Adilson Batista: Não tenho empresário. Quem me colocou no Mogi Mirim foi um, quem me levou par o America mineiro outro e assim vai. As vezes posso colocar para um amigo uma questão e pedir para resolver por mim. O Gilmar Veloz (empresário de Felipão), por exemplo, já me fez convites para ir à Arábia, mas eu quero papel timbrado do clube, documento, valores, não quero ficar iludindo. Eu não faço ligação para clube.

iG: Banco, colégio, sua vida está bem diferente nessas últimas semanas em Curitiba...
Adilson Batista: Preferia estar trabalhando dentro da rotina do futebol que é prazerosa, gostosa, o que a gente está acostumado. Mas, a partir do momento que saí do clube, vou procurar curtir, ajudar nos afazeres, olhar alguns jogos, eu jogo tênis também, faço minha caminhada, jogo minha bolinha com a turma. Vida normal. Fui levar a filha ao médico, mas pela manhã já joguei tênis com o Roberto Cavalo (ex-jogador). Temos uma chácara também que jogamos por recreação, tem alguns ex-jogadores como o Gralak (ex-Corinthians).

iG: Você assiste a jogos de clubes que pode comandar, como Santos e Coritiba?
Adilson Batista: Eu olho a rodada. Acordei hoje (quarta-feira) e vi Figueirense e Ipatinga, vi o jogo do Paraná, assisto a jogo que não vi no final de semana pelo pay-per-view. Gosto de ver o bom futebol em si. Às vezes um jogador que a gente tem observado e que gosta e que pode indicar num clube futuro.

iG: Você gostar de um futebol bonito, com o time jogando para frente, foi apontado por um dos problemas pela irregularidade do Corinthians e por sua demissão. Você acha compatível hoje em dia futebol bonito e competitivo?
Adilson Batista: Não tem nada a ver.  Primeiro por mais que você tenha tempo de casa é difícil você montar o teu time. Eu, com dois anos e meio de Cruzeiro, tinha coisas que queria e não conseguia. Por exemplo, agora chegou o Montillo, eu tinha o Gilberto. Ás vezes o atleta sente, tem cobrança, não rende o esperado, o torcedor não tem paciência com o atleta, mas não tem nada a ver com o sistema de jogo. O Santos (de 2010, com Dorival Júnior) provou ser possível jogar com três jogadores na frente, o Barcelona não deixa de vencer por causa disso, o Manchester (United) joga com dois abertos e dois na frente. Não vejo problema.

iG: Após sua saída do Corinthians houve comentário de que jogadores estavam insatisfeitos sob seu comando porque você teria proibido carteado, charuto e bebida alcoólica na concentração após os jogos.
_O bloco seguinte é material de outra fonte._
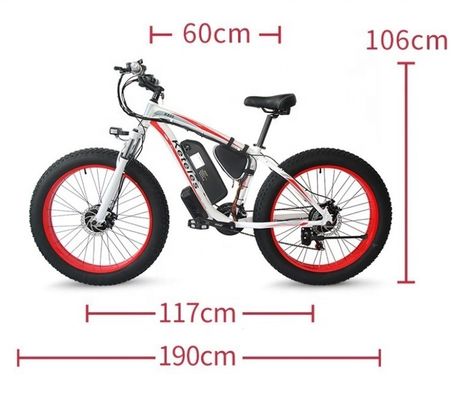 2000W Elektrofahrrad mit 21AH Lithium-Batterie und 26x4.0 Zoll Fettreifen im EU-Lager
Aconteceu isso?
Adilson Batista: Não teve nada disso. As pessoas inventam, aumentam, criam, não  vi nada disso. Os jogadores foram profissionais comigo, tentaram fazer o melhor.  Começam a ver fantasmas quando se perde.

iG: A saída inesperada te magoa ainda?
Adilson Batista: Faz parte do passado, eu tenho respeito grande pelo clube, pelo Andrés (Sanchez, presidente)  e o Mario (Gobbi, diretor de futebol). Os  jogadores tentaram e foram profissionais, mas tivemos muitas lesões e acabou complicando.

iG: Como era sua relação com o Ronaldo e com o Roberto Carlos, os mais experientes o grupo?
Adilson Batista: "Relação muito boa, principalmente com o Ronaldo, jogador que já conhecia do Cruzeiro (jogaram juntos em 93). Havia muito respeito, infelizmente ele jogou muito pouco. É um atleta que sempre tive carinho, respeito, admiração, ficou um tempo sem poder atuar e acabou prejudicando o coletivo. Ele fez dois ou três jogos comigo apenas (foram dois, contra Vitória e Atlético-PR. Com Tite, o Fenômeno, recuperado de problema no púbis, já fez quatro partidas consecutivas).